A newly deployed Nasa-funded scientific instrument has helped to provide the best ever views of a powerful interstellar explosion known as a nova.
"We were getting ready for a routine engineering run when all of a sudden the nova went off," said team member Marc Kuchner of Nasa's Goddard Space Flight Center.
"It was very bright and easy to observe, so we took this opportunity and turned it into gold."
Kuchner and his colleagues used the 'nulling' mode of the Keck Interferometer, which combines starlight using two 10-metre telescopes.
In the nulling mode, the interferometer suppresses the blinding light of a star allowing researchers to study the surrounding environment.
The instrument can observe very faint objects near bright sources and produces 10 times more resolving power than a single Keck telescope working alone. It is the only instrument of its kind in operation.
The Keck Nuller was undergoing tests on 12 February 2006, when a nova flared up in the Ophiuchus constellation.
The system consists of a white dwarf and a red giant. The red giant is gradually shedding its massive gaseous outer layers, and the white dwarf is sweeping up much of this wind, growing in mass over time.
As the matter builds up on the white dwarf's surface it eventually reaches a critical temperature that ignites a thermonuclear explosion causing the system to brighten 600-fold.
RS Ophiuchi was previously seen to blow in 1898, 1933, 1958, 1967 and 1985, so astronomers were eagerly anticipating the 2006 eruption.
Just 3.8 days after the nova was detected, the group observed the explosion with the Keck Nuller.

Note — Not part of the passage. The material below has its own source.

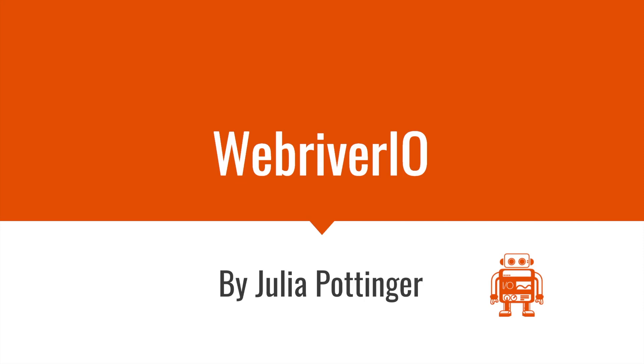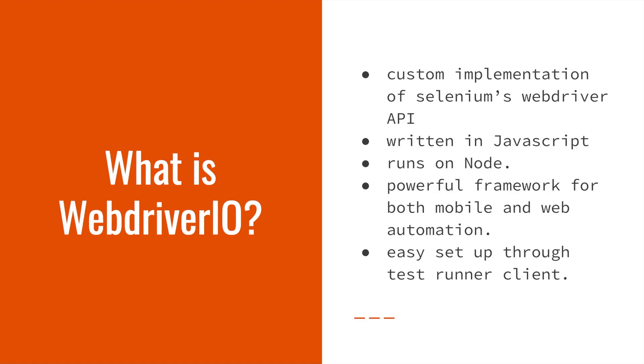Welcome to the Test Automation University course on WebDriver.io. WebDriver.io is a custom implementation of Selenium's WebDriver API.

The team set the instrument to cancel out the nova's light, allowing the group to see the much fainter surrounding material. The group next adjusted the nuller to observe the extremely bright blast zone.
The instrument, surprisingly, saw no dust in the bright zone, presumably because the nova's blast wave vaporised the dust particles.
But at distances starting at around 20 times the Earth-Sun distance, the nuller recorded the spectral signature of silicate dust. The blast wave had not yet reached this zone, so the dust must have pre-dated the explosion.
"This flies in the face of what we expected. Astronomers had previously thought that nova explosions actually create dust," said Richard Barry at Goddard, lead author of a paper on the Keck observations that will be published in The Astrophysical Journal.